Roma — Non basta essere cointestatari di un conto corrente per evitare il sequestro preventivo di somme riconducibili a un indagato. A ribadirlo è la Corte di Cassazione, Terza Sezione Penale, che con la sentenza n. 17894 del 13 maggio 2025 ha confermato la legittimità di un sequestro disposto su conti cointestati tra un imputato e la moglie, estranea al procedimento penale.
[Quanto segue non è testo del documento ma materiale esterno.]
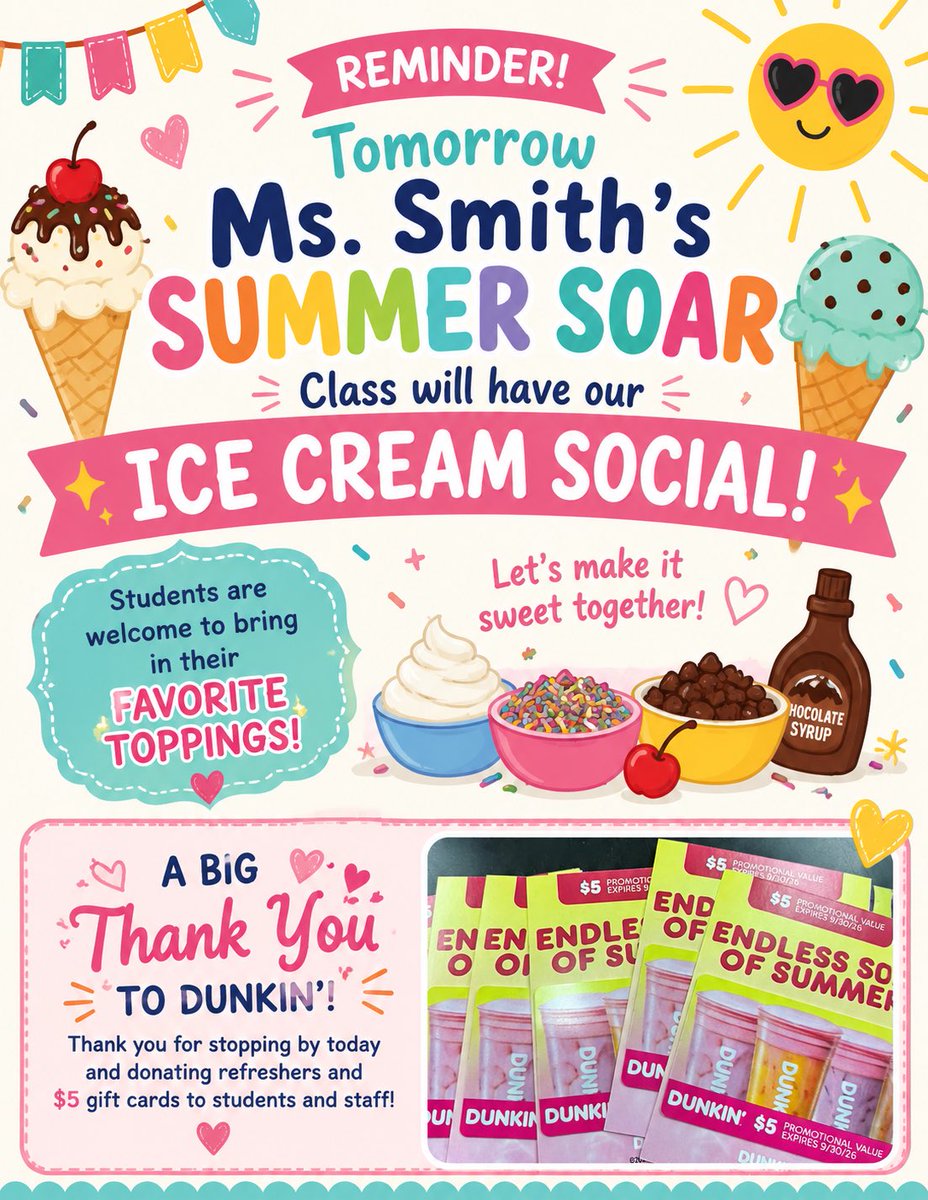 AndreaSmithED_S's tweet photo. It’s Week 3… Summer Soar is getting sweetier by the day!  We are continuing with our National Ice Cream Month activities. 🍪🍦🍫🍬 https://t.co/8GVFFK00hH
Il caso riguardava un sequestro preventivo funzionale alla confisca per equivalente di somme depositate su conti correnti intestati sia all’indagato sia alla consorte. Quest’ultima aveva richiesto la restituzione della metà dei saldi, invocando la presunzione civilistica di divisione paritaria tra cointestatari. Richiesta respinta dai giudici di merito e ora anche dalla Suprema Corte, che ha chiarito come ai fini penali conti esclusivamente le disponibilità effettive e non le presunzioni previste per regolare i rapporti bancari o patrimoniali interni.
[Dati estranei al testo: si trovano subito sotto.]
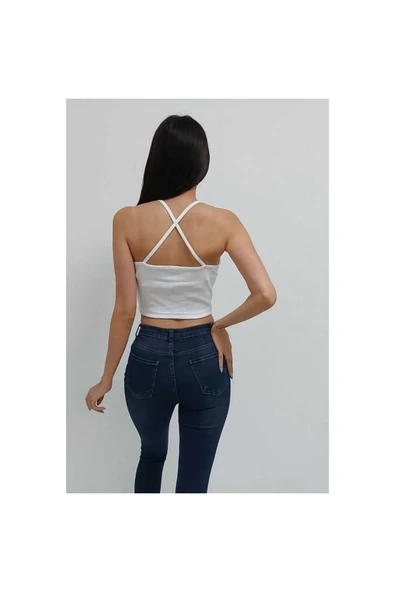Bkmc Çapraz Askılı Desenli Crop Bluz Beyaz - 4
Secondo la Cassazione, infatti, la misura cautelare reale si estende a tutto ciò che è nella disponibilità dell’indagato, a prescindere dai vincoli civilistici che regolano la cointestazione dei conti. Solo se il terzo estraneo al reato dimostra la titolarità esclusiva delle somme sequestrate, potrà ottenere la restituzione di quanto di sua proprietà.
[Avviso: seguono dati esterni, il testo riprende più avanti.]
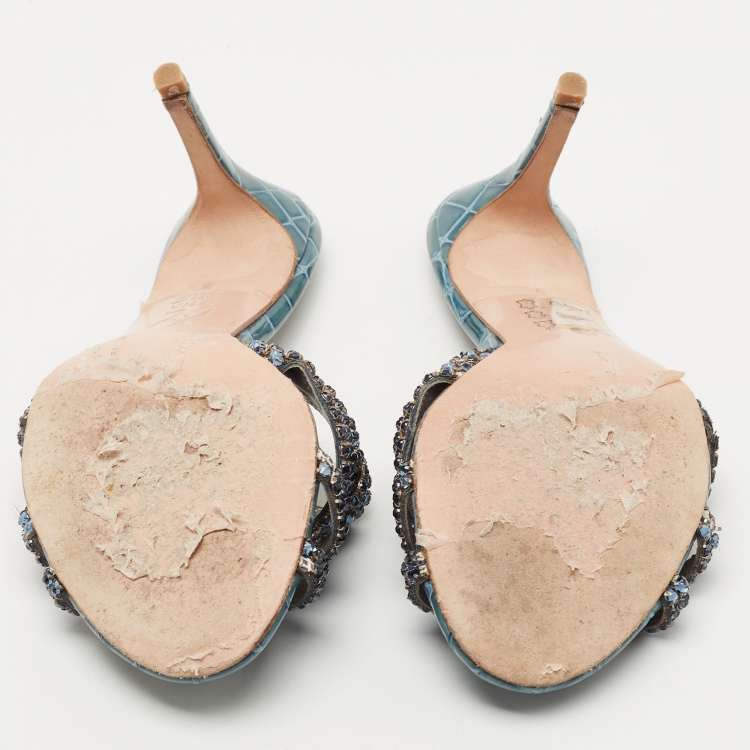 Pre Owned Gina Grey Croc Embossed Patent Crystal Embellished Loren Slides Size 38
I giudici hanno anche ribadito che i limiti di impignorabilità previsti dal codice di procedura civile trovano applicazione solo rispetto al denaro di proprietà dell’indagato e non valgono in favore di terzi, se non dopo aver accertato in concreto la loro esclusiva titolarità sulle somme sequestrate.
In definitiva, chi condivide un conto con una persona sottoposta a indagini deve essere pronto a dimostrare, con elementi concreti, la propria effettiva disponibilità esclusiva sulle somme, altrimenti il sequestro potrà riguardare anche le somme formalmente intestate a entrambi.